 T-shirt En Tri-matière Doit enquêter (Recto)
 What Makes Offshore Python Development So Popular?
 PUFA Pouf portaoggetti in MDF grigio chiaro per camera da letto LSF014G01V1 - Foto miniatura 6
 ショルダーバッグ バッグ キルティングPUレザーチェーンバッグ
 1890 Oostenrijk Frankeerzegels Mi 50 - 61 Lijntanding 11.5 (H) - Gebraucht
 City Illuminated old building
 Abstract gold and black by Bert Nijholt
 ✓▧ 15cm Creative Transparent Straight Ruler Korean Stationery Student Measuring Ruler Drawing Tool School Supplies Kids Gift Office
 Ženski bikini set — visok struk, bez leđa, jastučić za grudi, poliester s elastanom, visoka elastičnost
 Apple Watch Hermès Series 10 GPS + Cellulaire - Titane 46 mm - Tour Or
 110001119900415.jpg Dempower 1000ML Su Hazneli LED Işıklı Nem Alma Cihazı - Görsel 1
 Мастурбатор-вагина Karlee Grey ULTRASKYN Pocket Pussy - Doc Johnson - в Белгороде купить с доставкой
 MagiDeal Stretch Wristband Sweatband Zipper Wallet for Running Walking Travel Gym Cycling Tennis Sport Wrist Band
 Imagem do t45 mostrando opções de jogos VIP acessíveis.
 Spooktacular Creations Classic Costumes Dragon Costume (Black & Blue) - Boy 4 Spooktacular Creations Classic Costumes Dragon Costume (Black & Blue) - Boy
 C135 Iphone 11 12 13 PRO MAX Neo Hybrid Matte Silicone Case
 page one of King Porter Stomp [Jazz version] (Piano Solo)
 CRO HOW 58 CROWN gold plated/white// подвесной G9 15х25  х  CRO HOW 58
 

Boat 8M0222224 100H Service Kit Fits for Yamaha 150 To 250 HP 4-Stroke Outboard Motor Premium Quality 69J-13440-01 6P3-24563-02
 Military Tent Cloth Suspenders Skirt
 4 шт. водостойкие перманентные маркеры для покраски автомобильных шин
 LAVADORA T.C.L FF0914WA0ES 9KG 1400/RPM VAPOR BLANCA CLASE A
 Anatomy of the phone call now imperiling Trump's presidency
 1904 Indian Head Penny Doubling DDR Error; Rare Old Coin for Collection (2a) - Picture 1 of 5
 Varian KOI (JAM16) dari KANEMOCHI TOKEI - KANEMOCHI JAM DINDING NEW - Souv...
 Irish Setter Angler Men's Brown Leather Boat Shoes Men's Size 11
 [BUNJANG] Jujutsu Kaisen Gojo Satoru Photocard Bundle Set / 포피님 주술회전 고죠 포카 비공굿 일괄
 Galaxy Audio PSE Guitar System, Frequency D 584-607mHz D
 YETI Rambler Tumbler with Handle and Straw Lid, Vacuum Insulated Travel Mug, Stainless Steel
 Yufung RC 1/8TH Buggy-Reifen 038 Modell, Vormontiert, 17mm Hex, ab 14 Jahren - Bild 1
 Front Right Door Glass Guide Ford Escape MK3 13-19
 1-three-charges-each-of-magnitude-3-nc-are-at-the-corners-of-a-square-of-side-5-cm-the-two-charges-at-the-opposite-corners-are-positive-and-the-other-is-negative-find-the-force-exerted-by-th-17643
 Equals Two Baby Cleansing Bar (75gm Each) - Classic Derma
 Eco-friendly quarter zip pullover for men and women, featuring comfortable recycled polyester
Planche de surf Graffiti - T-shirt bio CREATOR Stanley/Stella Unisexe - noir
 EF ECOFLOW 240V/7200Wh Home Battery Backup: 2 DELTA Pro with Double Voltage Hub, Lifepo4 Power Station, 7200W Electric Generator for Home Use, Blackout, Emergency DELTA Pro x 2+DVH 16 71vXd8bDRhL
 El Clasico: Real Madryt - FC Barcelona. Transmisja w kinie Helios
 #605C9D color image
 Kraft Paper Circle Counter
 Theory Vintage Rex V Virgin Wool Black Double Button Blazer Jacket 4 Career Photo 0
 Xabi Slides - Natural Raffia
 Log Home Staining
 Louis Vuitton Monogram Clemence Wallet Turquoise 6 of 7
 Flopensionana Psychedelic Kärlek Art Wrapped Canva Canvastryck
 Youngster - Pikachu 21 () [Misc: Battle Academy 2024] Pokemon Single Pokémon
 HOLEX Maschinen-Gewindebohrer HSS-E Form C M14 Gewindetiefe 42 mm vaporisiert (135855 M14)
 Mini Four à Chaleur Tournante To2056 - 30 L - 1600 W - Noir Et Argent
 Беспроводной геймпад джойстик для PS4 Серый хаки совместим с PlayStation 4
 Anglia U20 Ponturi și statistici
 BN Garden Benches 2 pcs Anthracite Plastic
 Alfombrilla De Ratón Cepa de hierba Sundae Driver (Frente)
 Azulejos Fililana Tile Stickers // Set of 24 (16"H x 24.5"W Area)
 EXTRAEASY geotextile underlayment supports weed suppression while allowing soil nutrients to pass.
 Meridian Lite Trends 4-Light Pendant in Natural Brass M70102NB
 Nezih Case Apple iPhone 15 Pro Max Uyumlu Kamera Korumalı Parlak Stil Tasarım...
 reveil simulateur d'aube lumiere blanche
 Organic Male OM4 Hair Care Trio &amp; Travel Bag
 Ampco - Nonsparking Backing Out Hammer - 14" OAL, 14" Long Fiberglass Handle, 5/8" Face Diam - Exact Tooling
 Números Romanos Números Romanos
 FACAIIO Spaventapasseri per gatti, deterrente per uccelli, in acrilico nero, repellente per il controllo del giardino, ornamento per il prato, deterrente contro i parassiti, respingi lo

→ Work instructions
Copy out every line from the data above that has "Apple" in it.

→ Response to the exercise
 Apple Watch Hermès Series 10 GPS + Cellulaire - Titane 46 mm - Tour Or
 Nezih Case Apple iPhone 15 Pro Max Uyumlu Kamera Korumalı Parlak Stil Tasarım...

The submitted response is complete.